The US yesterday said it had captured Venezuela’s President Nicolas Maduro and his wife and launched “large-scale” strikes on the South American nation.
US President Donald Trump said Maduro had been flown out of the country.
The Russian foreign ministry called Saturday’s strikes on Venezuela “an act of armed aggression” that is “deeply concerning and condemnable.
“The pretexts used to justify such actions are unfounded. In the current situation, it is important, first and foremost, to prevent further escalation and to focus on finding a way out of the situation through dialogue.
“Latin America must remain a zone of peace, as it declared itself to be in 2014. And Venezuela must be guaranteed the right to determine its own destiny without any destructive, let alone military, interference from outside.”
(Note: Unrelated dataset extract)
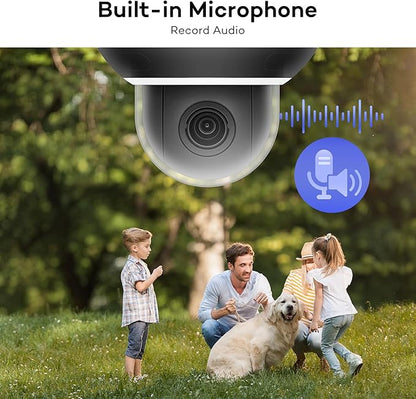 ONWOTE PTZ PoE IP Security Camera, 350° Pan 87° Tilt 5X Optical Zoom 4K 8MP, 2 Way Audio, 2.7-13.5mm Motorized Lens, AI Human Vehicle Detection, 60ft-100ft IR, Outdoor Dome with Audio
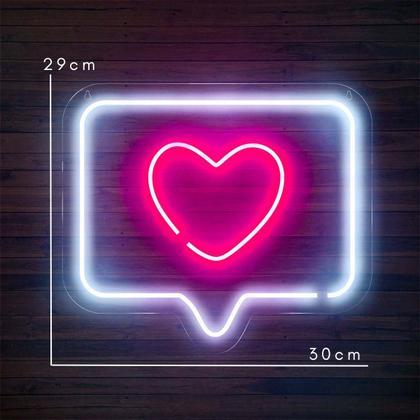 Imagem de Painel Neon Led Like Curtir Instagram Branco E Rosa 30cm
The ministry said it was joining Venezuelan authorities and leaders of Latin American countries in calling for an urgent meeting of the UN Security Council.
Iran’s Supreme Leader Ayatollah Khamenei said the US was “arrogantly trying to impose something on the country, on the officials, on the government, and on the nation” of Venezuela. “We will not yield to the enemy,” he said.
Colombian President Gustavo Petro, in a social media post on X, called for a meeting of the UN Security Council, saying the US attack is an “aggression against the sovereignty of Venezuela and Latin America.”
Petro said Colombia also said it is deploying forces to the border “in case of a massive influx of refugees.”
Kaja Kallas, EU high representative for foreign affairs and security policy, said in a post on X that the European union is closely monitoring the situation in Venezuela.
In Germany, Roderich Kiesewetter, a prominent member of the conservative Christian Democratic Union, called the US attack a “coup.”
“With President Trump, the US are abandoning the rules-based order that has shaped us since 1945,” he said.
“The coup in Venezuela marks a return to the old U.S. doctrine from before 1940: a mindset of thinking in terms of spheres of influence, where the law of force rules, not international law.”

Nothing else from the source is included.